Rot-Rot-Grün-Debatte Aufstand in der SPD - Kurt Beck in Not
Berlin - Nein, es läuft nicht rund für die SPD, zwei Tage vor der Wahl in Hamburg. Die Genossen fragen sich, was ihren Boss wohl geritten haben mag, vor Journalisten die Wahl Andrea Ypsilantis zur hessischen Ministerpräsidentin ohne eigene Mehrheit anzukündigen - und damit eine Debatte über Rot-Rot-Grün zu entfachen. Das müsse ein Versehen gewesen sein, sagte ein Bundestagsabgeordneter. "So dumm kann niemand sein." Doch ist Beck kein Neuling im politischen Betrieb. Er weiß genau, was er wann sagen kann und was nicht gerade bei brenzligen Themen.
Daher ging das Rätselraten über Becks Motiv heute weiter. Einen Nutzen kann in der Partei niemand erkennen - nur einige Spin-Doktoren aus dem Willy-Brandt-Haus versuchen, den Vorstoß als geschickten Schachzug zu verkaufen, um die FDP in eine Ampelkoalition in Hessen zu zwingen. Selbst das wird in der Partei bezweifelt: Die FDP sei jetzt aus dem Schneider, heißt es. Es gebe keinen Grund für die Liberalen, der SPD aus der Klemme zu helfen.
Weitgehende Einigkeit herrscht darüber, dass Becks Vorstoß der SPD im Wahlkampf schadet. Der frühere Hamburger Bürgermeister Henning Voscherau sagte SPIEGEL ONLINE, die Debatte sei gegenüber der Hamburger SPD "extrem rücksichtslos". Es gibt auch diejenigen, wie der Bundestagsabgeordnete Kurt Bodewig, die sagen, es handele sich um eine "CDU-Medienkampagne".
Hessen-SPD: Idee ist nicht von uns
Doch die Mehrheit sucht die Schuld beim eigenen Parteivorsitzenden.

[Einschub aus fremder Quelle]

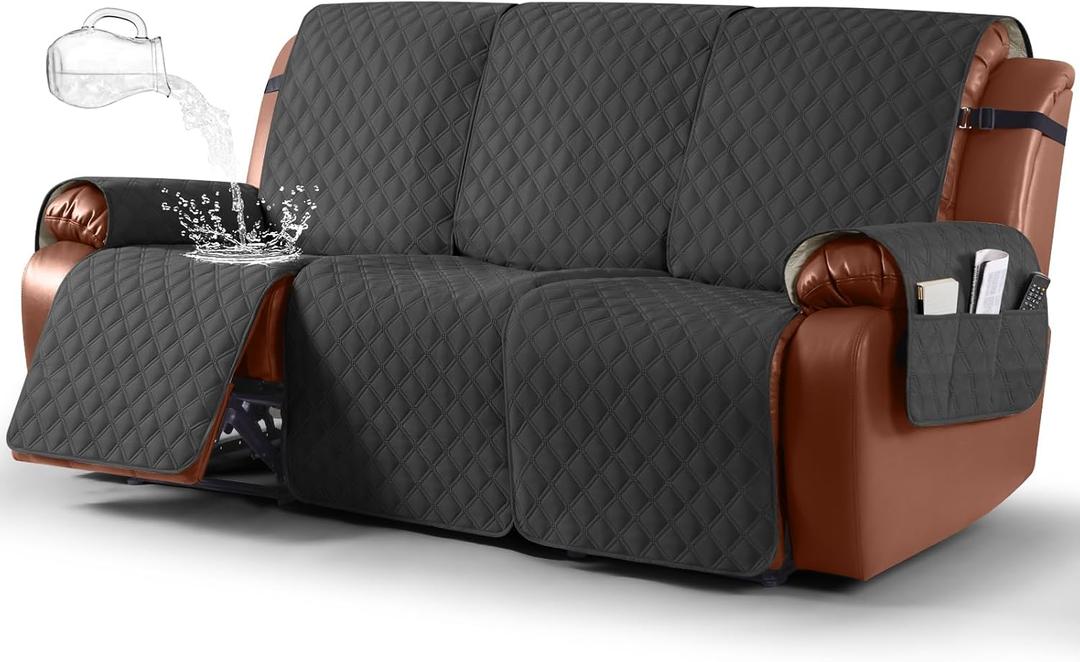 Ruaozz Waterproof Recliner Sofa Covers, 1-Piece Couch Covers for Reclining Couches Reclining Couch Cover Washable Furniture Protector with Elastic Straps Pocket for Kids Pets (Charcoal Grey, 3 Seater)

Der hessische SPD-Sprecher Frank Steibli betonte heute, dass die Idee zur Ypsilanti-Wahl nicht aus Hessen stamme - was Becks Vorstoß noch kühner erscheinen lässt.

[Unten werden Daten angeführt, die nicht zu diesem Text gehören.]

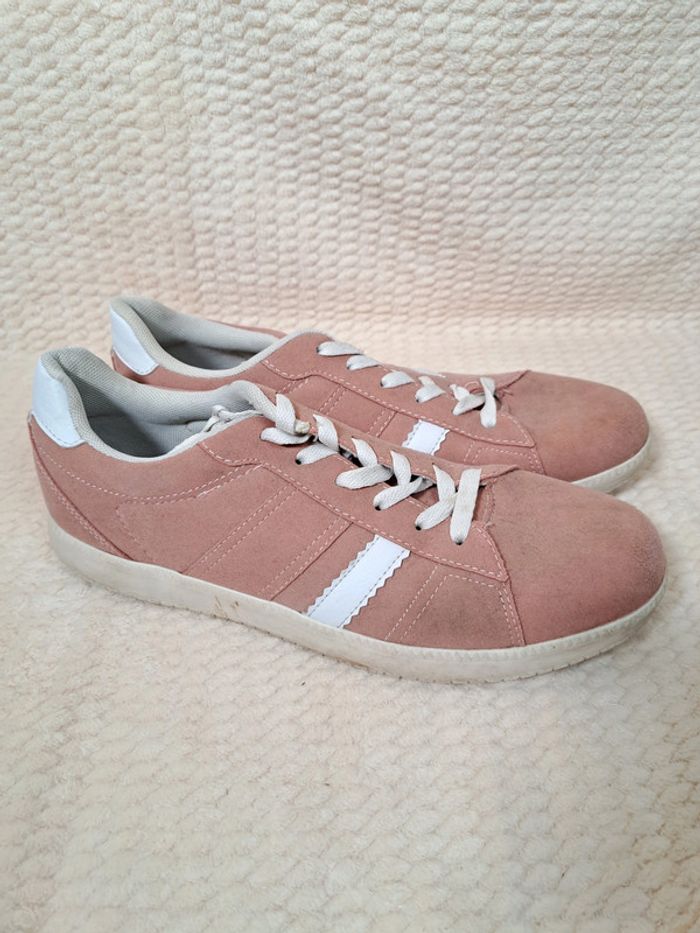 Baskets plates rose poudré - Tissaia - Taille 41 👟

Warum er das Thema noch vor der Hamburg-Wahl angesprochen hat, darüber gab Kurt Beck auch heute keinen Aufschluss. Dazu sei alles Notwendige gesagt, sagte er in Augsburg. "Sie wissen ja, wie das mit den Pfarrern ist: Die predigen auch nur einmal".

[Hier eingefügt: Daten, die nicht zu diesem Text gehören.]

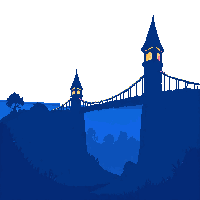 castle skyline night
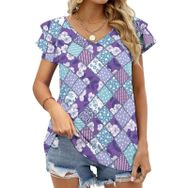 AILLOSA YH-552 Tamamı Baskılı Fırfırlı Kısa Kollu V Yakalı Kadın T-shirt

Damit wollte er die leidige Debatte beenden. Doch dafür reicht eine flapsige Bemerkung nicht. Die einzigen, die weiter eisern schweigen, sind die sonst so meinungsfreudigen Parteilinken. Der konservative Seeheimer Kreis der SPD-Bundestagsfraktion hingegen verschärfte noch einmal seine Kritik: Er distanzierte sich direkt von der Beckschen Wortakrobatik, der zwischen aktiver und passiver Zusammenarbeit mit der Linken unterschieden hatte. "Die stillschweigende Hinnahme, sich von den Linken als Ministerpräsidentin wählen zu lassen, stellt ebenfalls eine Zusammenarbeit dar und verbietet sich damit", hieß es in einer Erklärung. "Damit verspielen wir unsere Glaubwürdigkeit." Sogar von "Wortbruch" war die Rede.
Ist Ypsilanti-Wahl nun Makulatur?
So klar hatte es noch keiner öffentlich gesagt. Gedacht aber haben es die meisten. Der Ärger über Becks Alleingang reicht bis in die engste Parteiführung. Fraktionschef Peter Struck und der stellvertretende Parteivorsitzende Peer Steinbrück haben sich öffentlich geäußert: Die SPD dürfe sich nicht von den Linken abhängig machen, forderte Struck. Steinbrück warnte, "jedwede Zusammenarbeit" mit der Linken würde die Glaubwürdigkeit der SPD massiv beeinträchtigen. Die beiden anderen Stellvertreter Becks, Andrea Nahles und Frank-Walter Steinmeier, schwiegen, waren aber laut "FAZ" ebenso wie Struck und Steinbrück "überrascht, erstaunt und entsetzt".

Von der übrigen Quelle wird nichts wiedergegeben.